Originally developed by Yahoo, Pulsar is under the stewardship of the Apache Software Foundation.

Açıklaması şöyle. Pulsar, Kafka'nın rakibi.

Apache Pulsar, which was originally developed at Yahoo! and donated to the Apache Software Foundation in 2016, was designed to take advantage of modern systems design while at the same time supporting traditional message exchange patterns. Pulsar is a distributed system that uses a log-structured storage architecture and is designed to provide high scalability and low latency.

What’s really revolutionary about Pulsar is that it was explicitly designed to handle the requirements of both modern streaming and the traditional broker on a single platform. This means that Pulsar has several features that will sound familiar to users of traditional message brokers, such as tracking of unacknowledged messages, redelivery of messages, and individual message acknowledgements.
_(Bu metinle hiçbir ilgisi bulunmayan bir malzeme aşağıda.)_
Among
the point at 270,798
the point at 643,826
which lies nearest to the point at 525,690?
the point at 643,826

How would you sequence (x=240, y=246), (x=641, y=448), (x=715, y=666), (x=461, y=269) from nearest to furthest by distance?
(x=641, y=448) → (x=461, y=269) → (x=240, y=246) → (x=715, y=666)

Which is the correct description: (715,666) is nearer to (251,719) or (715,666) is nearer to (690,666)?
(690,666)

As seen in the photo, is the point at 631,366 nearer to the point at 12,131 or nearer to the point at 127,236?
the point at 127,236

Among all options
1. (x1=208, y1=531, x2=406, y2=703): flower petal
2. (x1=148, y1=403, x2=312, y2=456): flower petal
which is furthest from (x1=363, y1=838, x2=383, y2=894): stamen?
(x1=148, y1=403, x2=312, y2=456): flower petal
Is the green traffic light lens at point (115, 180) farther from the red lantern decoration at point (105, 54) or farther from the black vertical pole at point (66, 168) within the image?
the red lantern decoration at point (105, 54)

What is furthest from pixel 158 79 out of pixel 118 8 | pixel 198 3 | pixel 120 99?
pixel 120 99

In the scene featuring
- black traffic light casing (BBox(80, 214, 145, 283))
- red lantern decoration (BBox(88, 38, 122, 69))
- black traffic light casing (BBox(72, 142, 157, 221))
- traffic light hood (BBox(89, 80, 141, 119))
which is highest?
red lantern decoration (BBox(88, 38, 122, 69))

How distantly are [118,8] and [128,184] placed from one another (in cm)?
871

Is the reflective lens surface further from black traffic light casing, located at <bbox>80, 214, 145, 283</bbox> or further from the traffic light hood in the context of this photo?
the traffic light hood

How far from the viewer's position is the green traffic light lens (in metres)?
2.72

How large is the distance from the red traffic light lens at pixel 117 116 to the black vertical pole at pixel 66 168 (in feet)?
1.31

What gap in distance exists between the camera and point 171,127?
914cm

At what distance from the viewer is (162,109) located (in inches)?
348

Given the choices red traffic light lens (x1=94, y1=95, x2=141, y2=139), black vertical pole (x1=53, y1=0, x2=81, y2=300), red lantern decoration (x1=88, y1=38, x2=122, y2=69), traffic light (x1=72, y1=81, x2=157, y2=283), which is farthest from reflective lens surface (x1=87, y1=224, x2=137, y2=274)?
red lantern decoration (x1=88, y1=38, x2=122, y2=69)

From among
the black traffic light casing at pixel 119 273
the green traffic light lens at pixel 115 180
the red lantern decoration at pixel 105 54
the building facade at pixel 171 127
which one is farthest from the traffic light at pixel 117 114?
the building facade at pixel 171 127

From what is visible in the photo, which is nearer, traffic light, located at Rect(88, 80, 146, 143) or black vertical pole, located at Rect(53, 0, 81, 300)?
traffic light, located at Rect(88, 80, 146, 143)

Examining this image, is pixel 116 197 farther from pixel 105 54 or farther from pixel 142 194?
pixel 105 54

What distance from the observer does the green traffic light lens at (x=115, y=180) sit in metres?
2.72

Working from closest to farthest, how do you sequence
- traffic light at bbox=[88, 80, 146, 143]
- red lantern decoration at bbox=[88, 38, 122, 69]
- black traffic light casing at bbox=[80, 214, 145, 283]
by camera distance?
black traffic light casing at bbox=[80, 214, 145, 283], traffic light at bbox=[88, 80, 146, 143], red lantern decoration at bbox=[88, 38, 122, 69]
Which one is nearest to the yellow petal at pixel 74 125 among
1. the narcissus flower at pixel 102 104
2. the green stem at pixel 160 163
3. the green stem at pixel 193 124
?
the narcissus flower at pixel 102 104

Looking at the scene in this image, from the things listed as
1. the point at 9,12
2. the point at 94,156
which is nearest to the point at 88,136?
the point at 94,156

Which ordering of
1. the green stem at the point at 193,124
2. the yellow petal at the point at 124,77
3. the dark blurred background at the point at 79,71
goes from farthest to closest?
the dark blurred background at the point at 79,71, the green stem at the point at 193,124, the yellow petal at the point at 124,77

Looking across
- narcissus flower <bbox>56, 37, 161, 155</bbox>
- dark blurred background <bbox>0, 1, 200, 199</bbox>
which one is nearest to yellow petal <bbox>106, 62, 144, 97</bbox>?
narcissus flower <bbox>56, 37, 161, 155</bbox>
Pulsar supports these features at the same time providing the high performance and scalability expected of a modern streaming platform.

On top of all that, because Pulsar emerged from an internet-scale enterprise, it also supports enterprise-grade features such as multi-tenancy and geo-replication.

2021 yılındaki bir anket şöyle

According to the community-led 2021 Pulsar user’s survey, the second-highest use of Apache Pulsar is within asynchronous architectures to support microservices-based applications.

Mimari

Açıklaması şöyle

Kafka is one distributed cluster — after removing the ZooKeeper dependency in 2022), Pulsar is three distributed clusters (Pulsar brokers, ZooKeeper, BookKeeper)

Pulsar Functions

Açıklaması şöyle

Pulsar Functions, a serverless-based compute framework that’s a part of Apache Pulsar. Pulsar Functions can be used to encapsulate atomic logic wrapping a database mutation with the publishing of a corresponding event as a part of a single “transaction”. In microservices parlance, this is known as a “local transaction” that guarantees atomicity for events that flow into microservices systems. Unlike CDC, Pulsar Functions require microservices developers to code logic to deliver atomicity guarantees. Pulsar Functions are a great option when complex logic is needed to support local transactions.

Kafka'nın Eksiklikleri

Kafka'nın eksik olduğu noktaları şöyle sıralıyorlar. Bu 4 noktayı Apache Cassandra sağlıyor, dolayısıyla amaç aynı yetenekleri Message Queue olarak ta elde etmek

We started by evaluating the most popular option, Apache Kafka. We found that it came up short in four areas:
1. Geo-replication
2. Scaling
3. Multi-tenancy
4. Queuing

Apache Pulsar solves all of these problems to our satisfaction.

1. Geo-replication

Açıklaması şöyle

Cassandra supports synchronous and asynchronous replication within or across data centers. Most often, Cassandra is configured for synchronous replication within a region, and asynchronous replication across regions. This enables Cassandra users like Netflix to serve customers everywhere with local latency, to comply with data sovereignty regulations, and to survive infrastructure failures. (When AWS rebooted 218 Cassandra nodes to patch a security vulnerability, Netflix experienced zero downtime.)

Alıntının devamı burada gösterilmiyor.